> **Your assignment**
The records are set out below this line. Return exactly the lines from the one containing "WiFi Temperature Sensor" through the last, and exclude the pictures.

Records excerpted from a collection
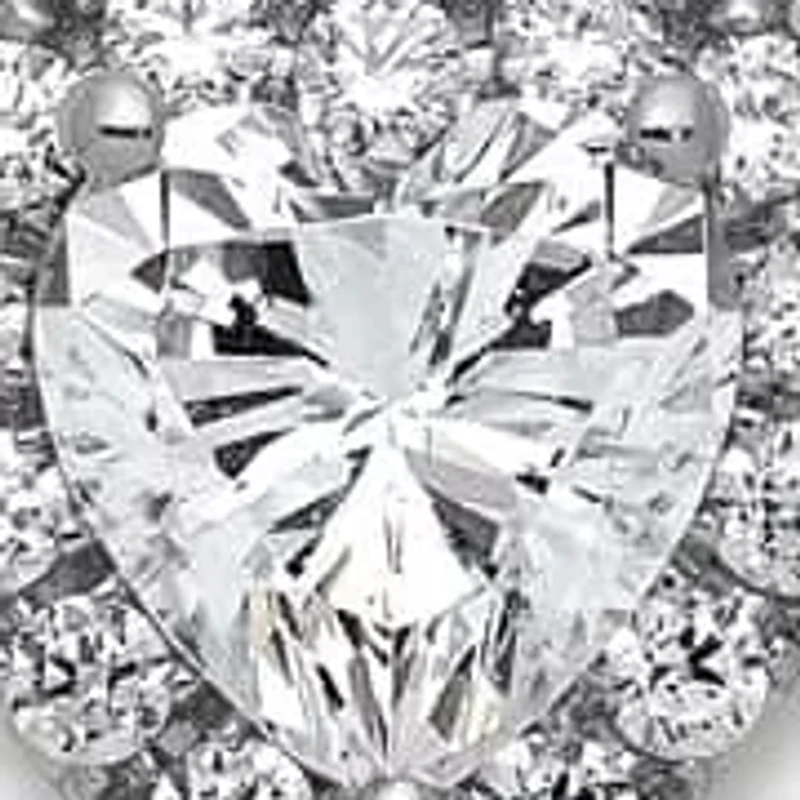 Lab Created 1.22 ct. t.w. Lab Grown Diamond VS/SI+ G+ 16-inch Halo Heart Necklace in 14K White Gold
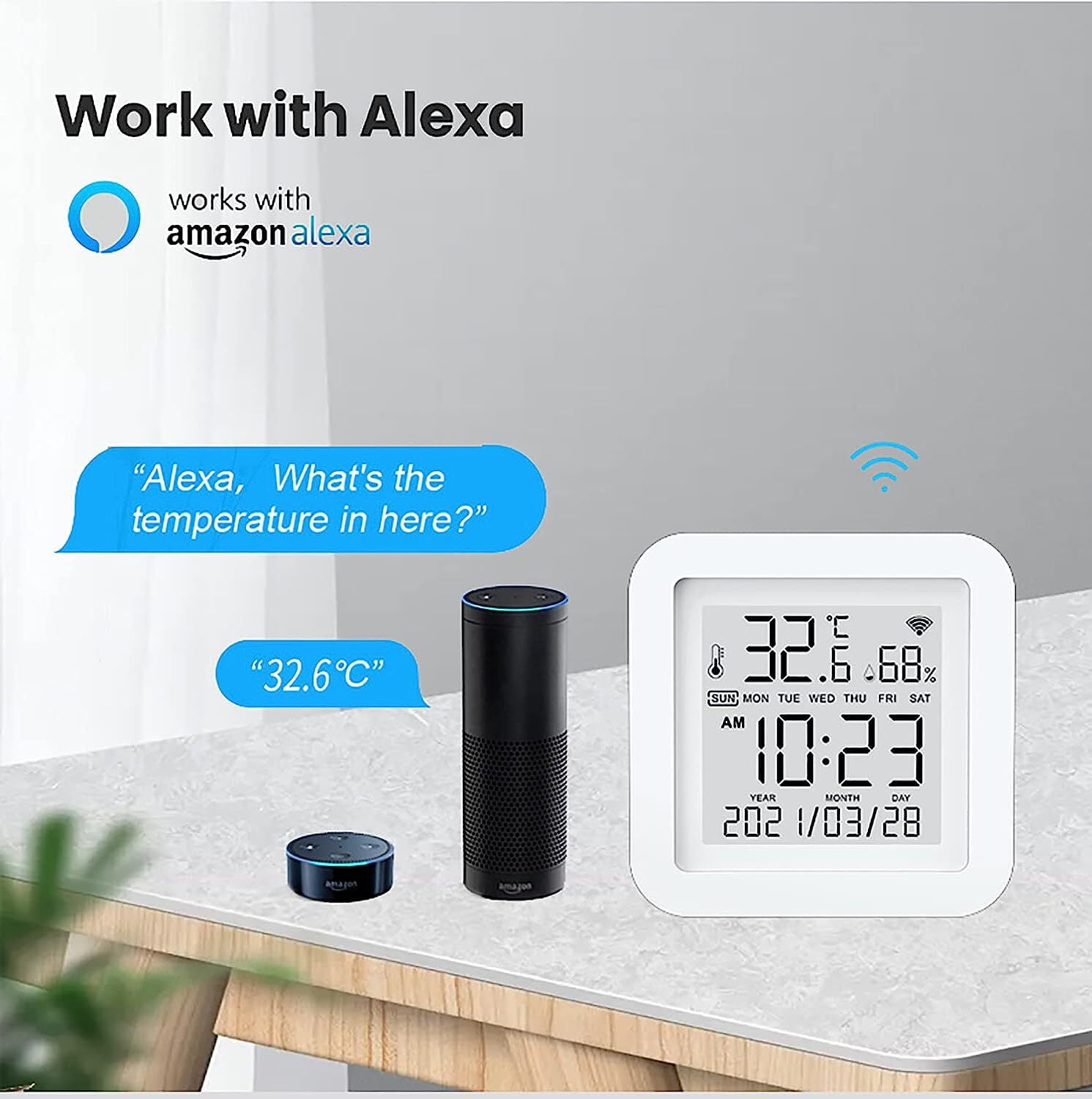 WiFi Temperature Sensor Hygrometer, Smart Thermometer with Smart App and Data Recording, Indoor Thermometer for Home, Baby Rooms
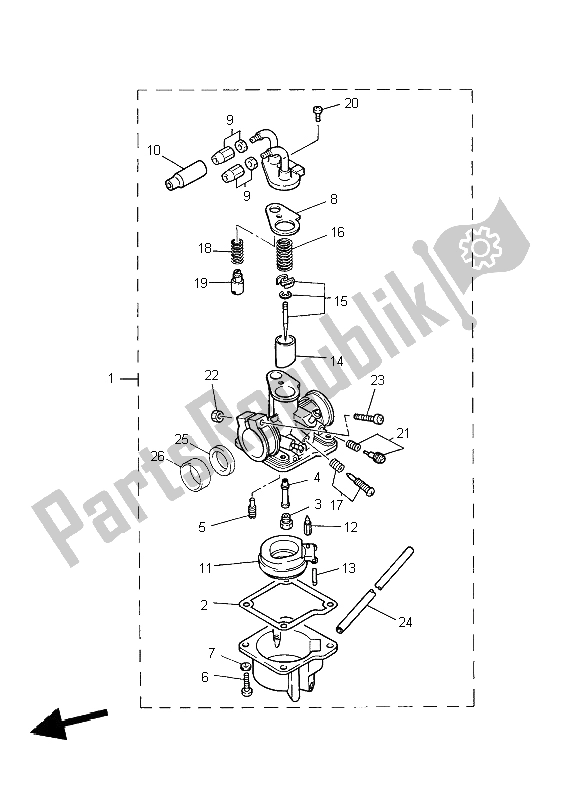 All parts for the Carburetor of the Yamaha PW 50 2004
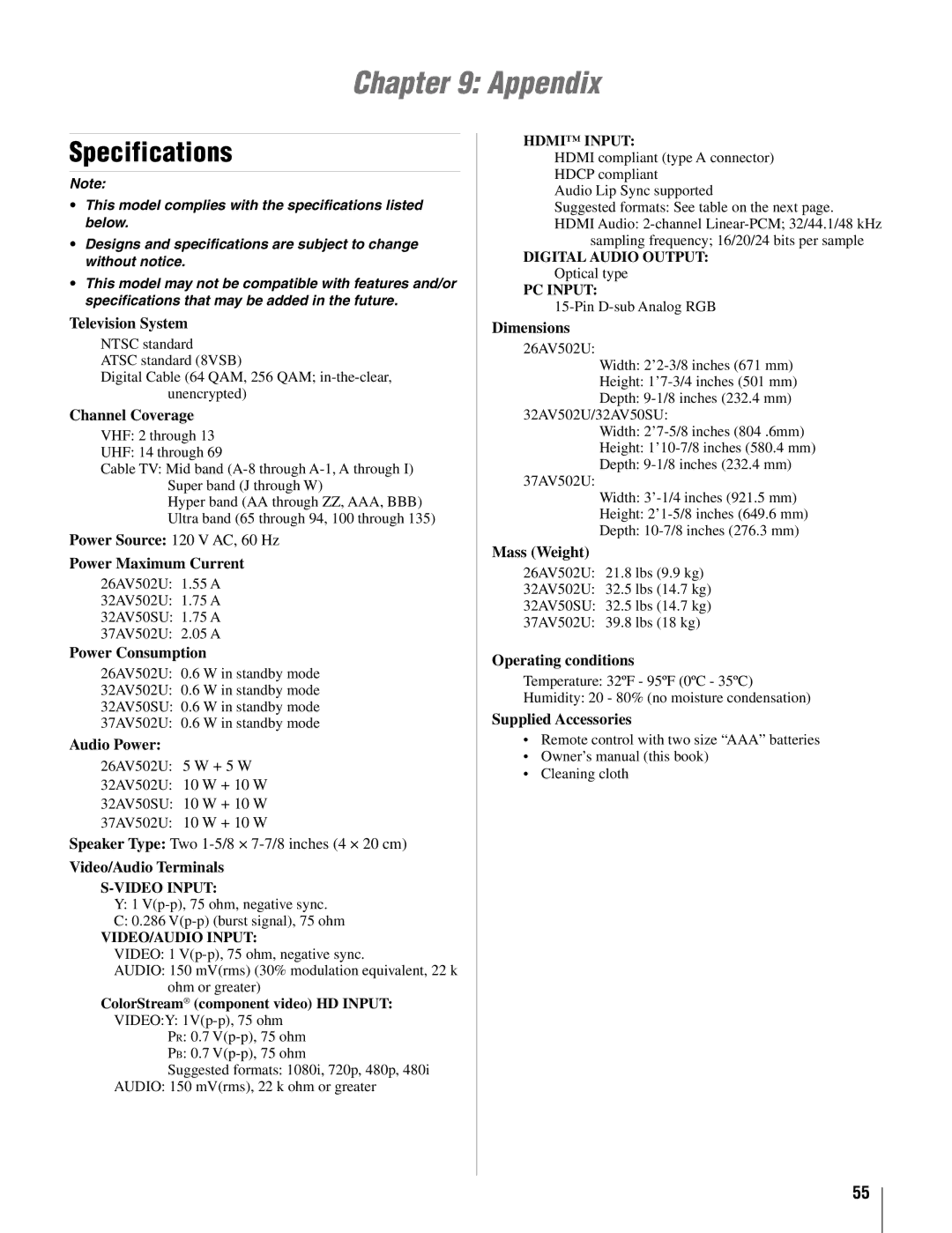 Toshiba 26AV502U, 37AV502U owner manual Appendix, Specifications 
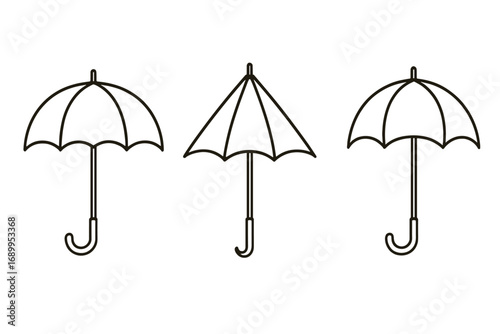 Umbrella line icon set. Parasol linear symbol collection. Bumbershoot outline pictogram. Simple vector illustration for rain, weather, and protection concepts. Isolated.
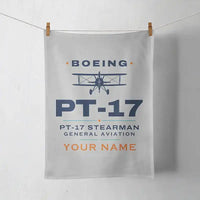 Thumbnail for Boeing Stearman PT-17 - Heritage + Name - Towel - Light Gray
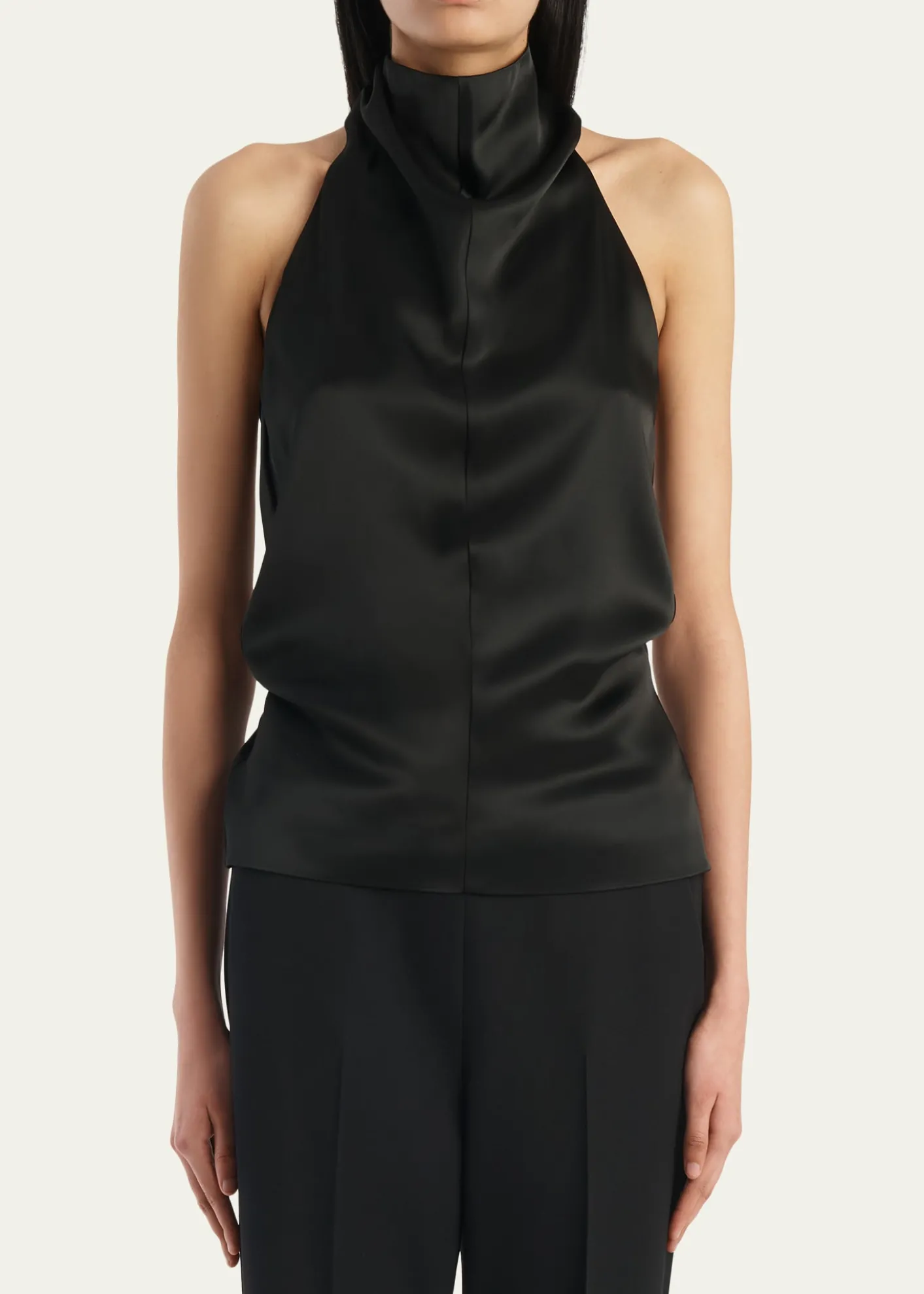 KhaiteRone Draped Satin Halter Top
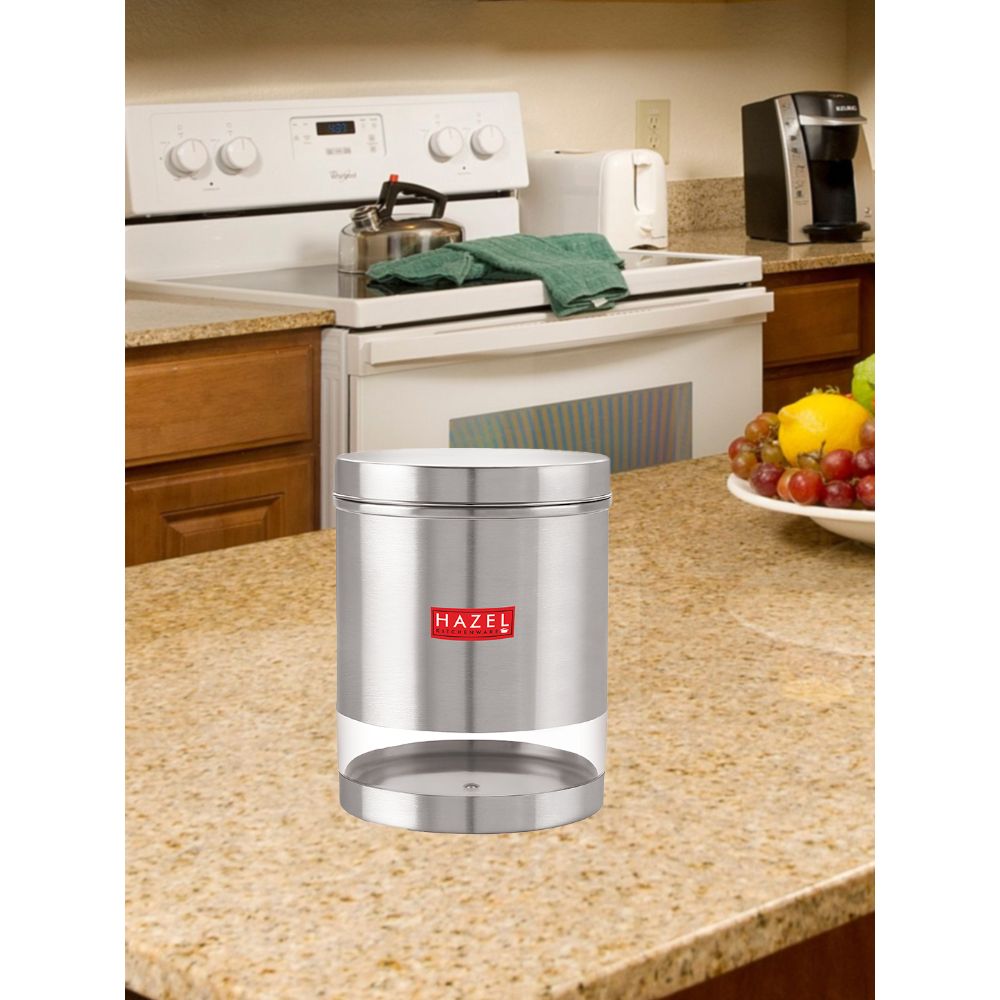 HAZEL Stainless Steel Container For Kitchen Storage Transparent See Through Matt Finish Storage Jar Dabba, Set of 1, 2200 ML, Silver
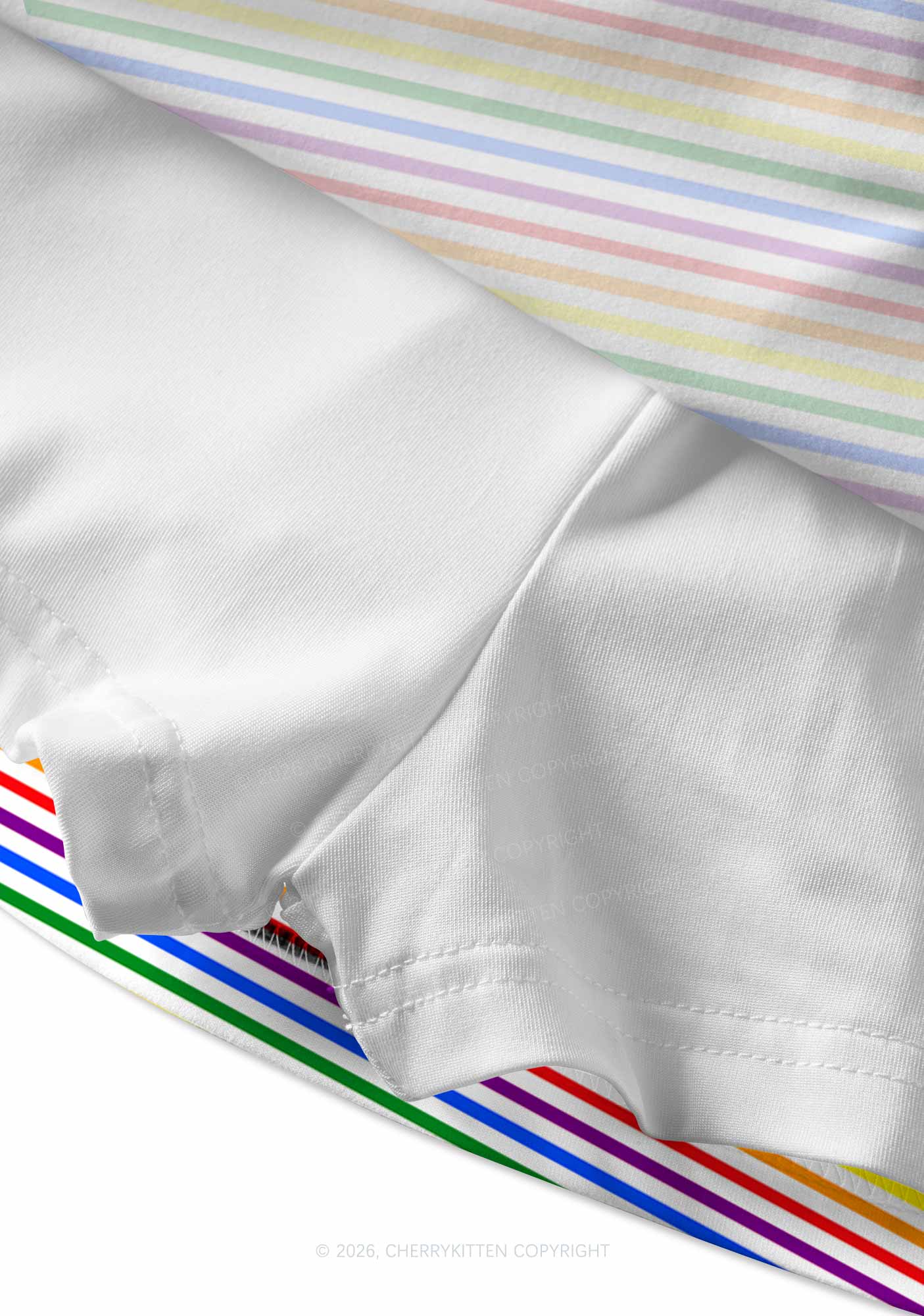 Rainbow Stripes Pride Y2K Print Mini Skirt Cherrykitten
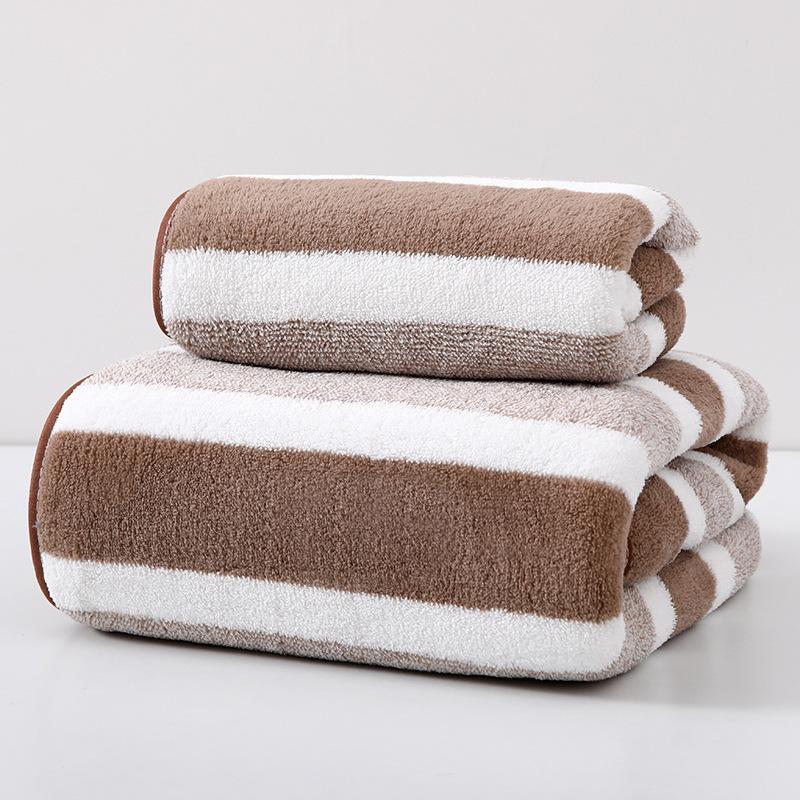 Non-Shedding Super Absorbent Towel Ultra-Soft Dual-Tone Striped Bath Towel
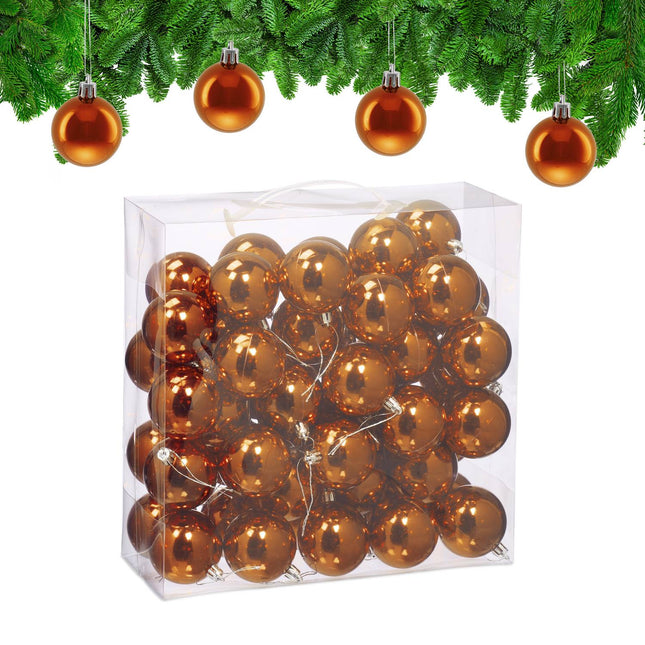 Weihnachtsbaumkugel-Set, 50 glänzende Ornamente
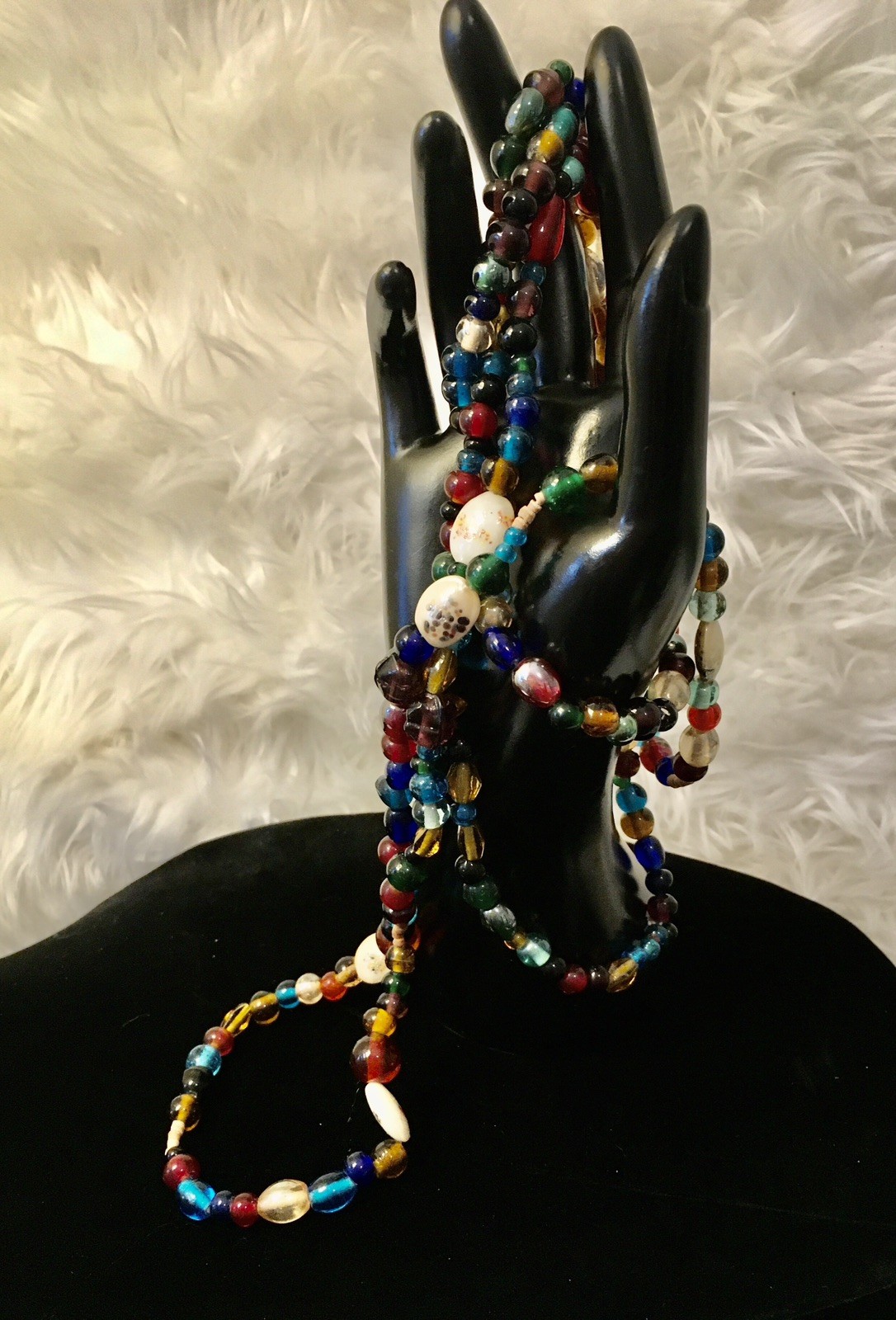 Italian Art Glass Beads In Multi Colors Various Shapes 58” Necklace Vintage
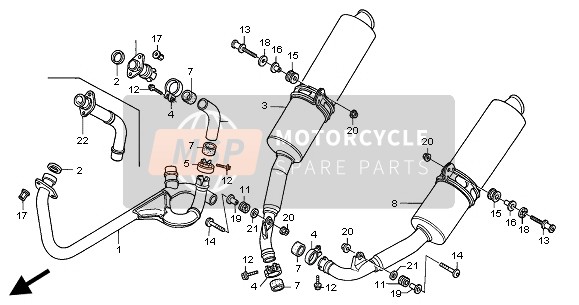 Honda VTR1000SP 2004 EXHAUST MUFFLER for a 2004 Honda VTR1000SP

> **Solution to this problem**
 WiFi Temperature Sensor Hygrometer, Smart Thermometer with Smart App and Data Recording, Indoor Thermometer for Home, Baby Rooms
 All parts for the Carburetor of the Yamaha PW 50 2004
 Toshiba 26AV502U, 37AV502U owner manual Appendix, Specifications 
 Umbrella line icon set. Parasol linear symbol collection. Bumbershoot outline pictogram. Simple vector illustration for rain, weather, and protection concepts. Isolated.
 Thumbnail for Boeing Stearman PT-17 - Heritage + Name - Towel - Light Gray
 KhaiteRone Draped Satin Halter Top
 HAZEL Stainless Steel Container For Kitchen Storage Transparent See Through Matt Finish Storage Jar Dabba, Set of 1, 2200 ML, Silver
 Rainbow Stripes Pride Y2K Print Mini Skirt Cherrykitten
 Non-Shedding Super Absorbent Towel Ultra-Soft Dual-Tone Striped Bath Towel
 Weihnachtsbaumkugel-Set, 50 glänzende Ornamente
 Italian Art Glass Beads In Multi Colors Various Shapes 58” Necklace Vintage
 Honda VTR1000SP 2004 EXHAUST MUFFLER for a 2004 Honda VTR1000SP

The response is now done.